Domestic equities witnessed wave of volatility on Wednesday amid uncertainty arising due to global factors. Benchmark indices ended the choppy session in red, dragged by auto, bank, metal and IT stocks. Sensex closed 145.37 points or 0.25% lower at 57,996.68, and the Nifty settled 30.30 points or 0.17% down at 17,322.20. Sectorally, Healthcare, oil & gas and realty indices ended in the green. In broader markets, the midcap index ended flat while smallcap index rose 0.42%. Power Grid Corporation, UltraTech Cement, NTPC, ICICI Bank and SBI were the top Nifty losers, Divis Labs, Adani Ports, ONGC, IOC and HDFC Life were the top gainers in the pack.
“Indian Markets kept dancing to the tunes of global news flows from Ukraine. After initial fall, markets witnessed a sharp pull back in the noon as media reported de-escalation of tensions between Russia and Ukraine. However the market turned negative once again after warning from NATO saying that Russia is continuing military build-up around Ukraine. This increase in volatility is likely to remain in the near term as market continues to focus on the geo-political developments around Russia and Ukraine. Other major factors like inflation and interest rate too continue dominate the Global narrative,” said Siddhartha Khemka, Head – Retail Research, Motilal Oswal Financial Services Ltd.
Palak Kothari, Research Associate, Choice Broking
“On a daily chart, Nifty has taken resistance from a middle band of Bollinger as well as 50 DMA which suggests crossing above the same can show upside. On an Hourly Chart, the index has formed a bearish candle which suggests some correction can be seen in upcoming days. Moreover, the daily momentum indicator MACD is also trading with a negative crossover which adds weakness in prices. At present, the Index has support at 17130 levels while resistance comes at 17500 levels, crossing above the same show further upside rally. On the other hand, Bank nifty has support at 37600 levels while resistance at 38500 levels.”
Mohit Nigam, Head – PMS, HEM Securities
“Market regains yesterday’s losses as Russia-Ukraine tensions ease. Rupee posts biggest single session rise against dollar since Jan 31. Nifty 50 formed a bullish candle on daily chart with index managed to close a day below good resistance zone of 17,300 and if index holds above 17300 mark then we may see more surge towards 17,600-17,800 mark which are another resistance zone on the upside. Volatility gauge Index tanks by 0.10% to 20.59. Also the broader market confirms an upward move and in turn market breadth was skewed in the favour of bulls. Crucial support for Nifty 50 is 17,000 while Nifty may face some resistance at 17,500.”

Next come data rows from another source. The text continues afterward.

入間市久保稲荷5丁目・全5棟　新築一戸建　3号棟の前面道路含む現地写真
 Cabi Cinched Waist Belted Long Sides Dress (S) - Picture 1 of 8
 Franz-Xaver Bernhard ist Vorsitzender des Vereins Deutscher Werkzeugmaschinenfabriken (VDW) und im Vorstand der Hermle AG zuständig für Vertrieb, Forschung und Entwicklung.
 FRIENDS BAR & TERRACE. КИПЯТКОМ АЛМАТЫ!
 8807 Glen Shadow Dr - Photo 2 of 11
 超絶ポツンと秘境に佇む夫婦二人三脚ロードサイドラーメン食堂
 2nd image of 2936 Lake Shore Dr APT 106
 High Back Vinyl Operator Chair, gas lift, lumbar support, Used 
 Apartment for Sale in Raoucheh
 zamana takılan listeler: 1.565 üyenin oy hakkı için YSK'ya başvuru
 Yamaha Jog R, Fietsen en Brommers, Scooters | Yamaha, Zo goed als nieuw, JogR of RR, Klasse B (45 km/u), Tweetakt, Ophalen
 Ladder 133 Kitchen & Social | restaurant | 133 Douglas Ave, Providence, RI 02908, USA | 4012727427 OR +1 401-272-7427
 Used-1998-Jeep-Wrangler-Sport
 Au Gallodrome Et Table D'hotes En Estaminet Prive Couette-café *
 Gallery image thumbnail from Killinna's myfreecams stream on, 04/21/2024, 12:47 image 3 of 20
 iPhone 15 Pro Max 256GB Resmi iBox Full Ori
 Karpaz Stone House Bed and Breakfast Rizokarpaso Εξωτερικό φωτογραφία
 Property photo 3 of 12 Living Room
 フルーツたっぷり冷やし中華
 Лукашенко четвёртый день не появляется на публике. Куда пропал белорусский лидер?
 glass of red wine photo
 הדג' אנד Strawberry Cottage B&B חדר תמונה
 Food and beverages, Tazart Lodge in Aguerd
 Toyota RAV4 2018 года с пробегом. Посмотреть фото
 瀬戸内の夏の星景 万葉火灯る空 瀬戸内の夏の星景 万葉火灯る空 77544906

Deepak Jasani, Head of Retail Research, HDFC Securities
“Nifty ran into selling pressure at higher levels on a day when most other Asian indices were doing well. Advance decline ratio remained in the positive suggesting return of trader interest in the broad markets. High crude oil prices, outcome of state elections and fears of rate hikes in India are raising concerns among FPIs who are choosing to take advantage of rallies to lighten their position. 17491-17554 could continue to be a resistance for the Nifty while 17214 could be the support.”